1

Last week I've read a paper suggesting MDP as an alternative solution for recommender systems, The core of that paper was representation of recommendation process in terms of MDP, i.e. states, actions, transition probabilities, reward function and so on.

If we assume for simplicity a single-user system, then states look like k-tuples (x1, x2, .. , xk) where last element xk represents the very last item that was purchased by the user. For example, suppose our current state is (x1, x2, x3) which means, the user purchased x1, then x2, then x3, in chronological order. Now if he purchases x4, the new state is going to be (x2, x3, x4).

Now, what the paper suggests, is that, these state transitions are triggered by actions, where action is "recommending an item x_i to the user". but the problem is that such an action may lead to more than one state.

For example if our current state is (x1, x2, x3), and action is "recommend x4" to the user, then the possible outcome might be one out of two:

the user accepts the recommendation of x4, and new state will be (x2, x3, x4)
the user ignores the recommendation of x4 (i.e. buys something else) and new state will be any state (x2, x3, xi) where xi != x4

My question is, does MDP actually support same action triggering two or more different states ?

UPDATE. I think the actions should be formulated as "gets recommendation of item x_i and accepts it" and "gets recommendation of item x_i and rejects it" rather than simply "gets recommendation of item x_i"

mangusta
  • 3,470
  • 5
  • 24
  • 47

2 Answers2

1

Based on this Wikipedia article, yes, it does.

I'm no expert on this, as I only just looked up the concept, but it looks as though the set of states and the set of actions have no inherent relation. Thus, multiple states can be linked to any action (or not linked) and vice versa. Therefore, an action can lead to two or more different states, and there will be a specific probability for each outcome.

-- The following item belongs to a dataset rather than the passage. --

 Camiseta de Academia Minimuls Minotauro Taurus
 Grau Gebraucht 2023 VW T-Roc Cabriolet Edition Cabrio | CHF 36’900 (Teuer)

Note that, in your example, you may have to have a set of all possible states (which seems as though it could be infinite). Further....based on what I'm reading, your states perhaps shouldn't record past history. It seems as though you could record history by keeping a record of the chain itself - instead of (x1, x2, x3, xi) as a state, you'd have something more like (x1) -> (x2) -> (x3) -> (xi) - four states linked by actions. (Sorry about the notation. I hope that the concept makes sense.) This way, your state represents the choice of purchase (and is therefore finite).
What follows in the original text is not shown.